■ Task requirements ■
All of the entries must be reproduced exactly, with no images carried over.

+++ Exercise materials

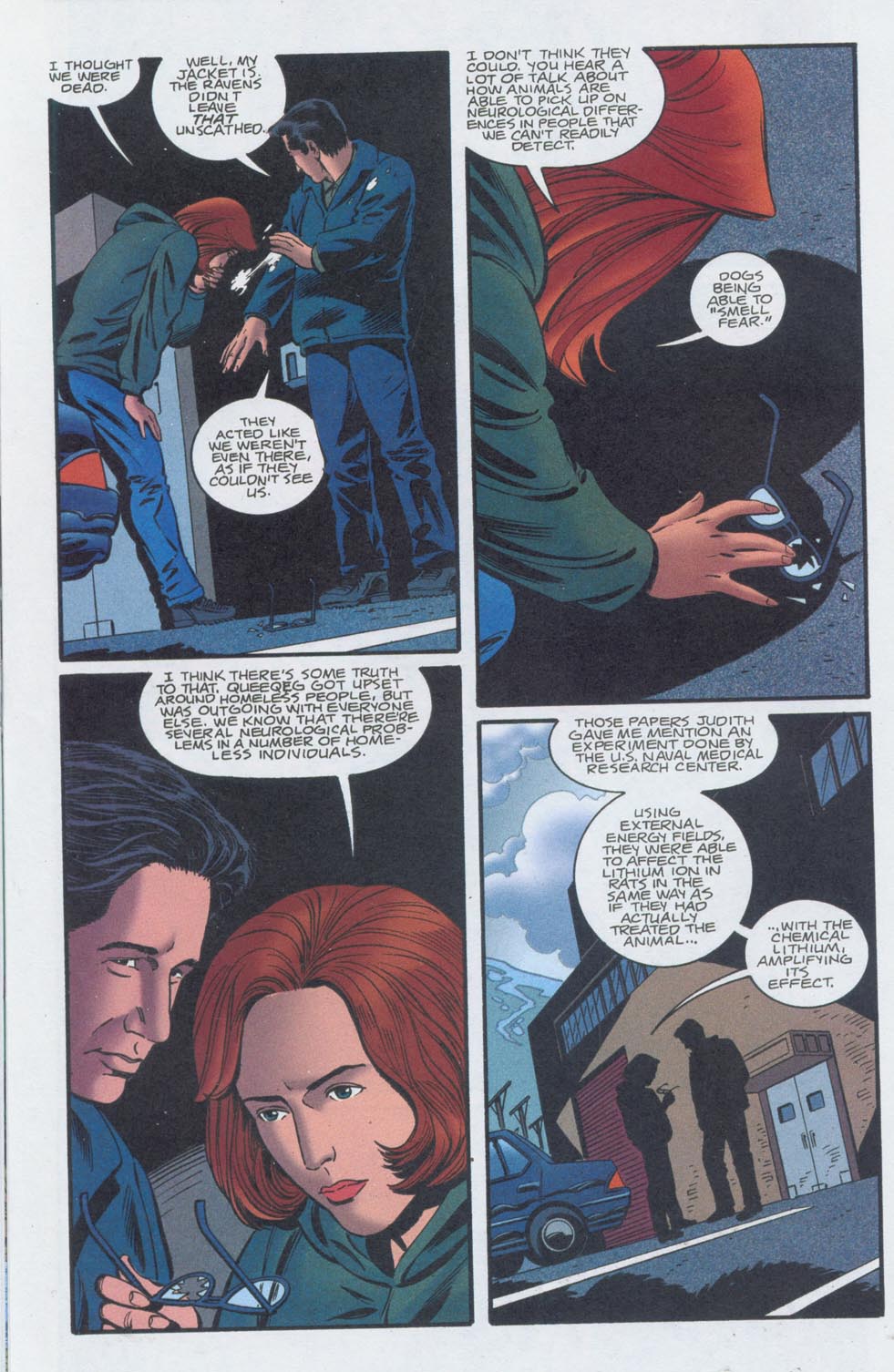 Read online The X-Files (1995) comic -  Issue #34 - 21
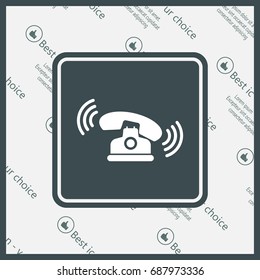 Telephone icon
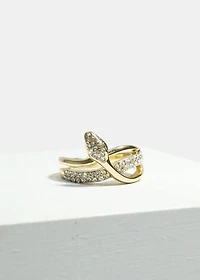 Dainty Chic Snake Ring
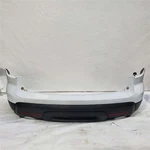 Rear Bumper Without Park Assist White Interceptor Oem 11 15 Ford Explorer. Fixed Price $223.11.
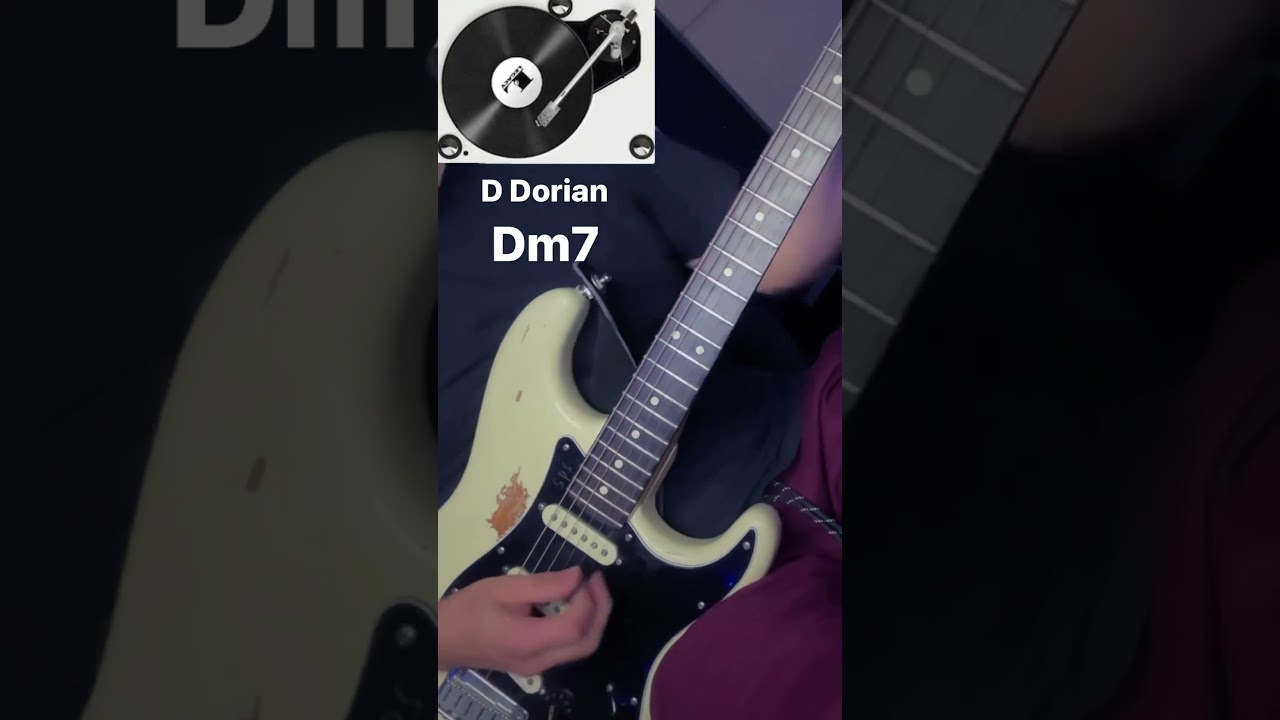 D Dorian Blues guitar licks 🎸
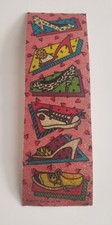 Vintage 80s Stickers Butterfly Originals Glitter Room Service 1984 Slick Sticks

++++++

■ Written solution ■
 Read online The X-Files (1995) comic -  Issue #34 - 21
 Telephone icon
 Dainty Chic Snake Ring
 Rear Bumper Without Park Assist White Interceptor Oem 11 15 Ford Explorer. Fixed Price $223.11.
 D Dorian Blues guitar licks 🎸
 Vintage 80s Stickers Butterfly Originals Glitter Room Service 1984 Slick Sticks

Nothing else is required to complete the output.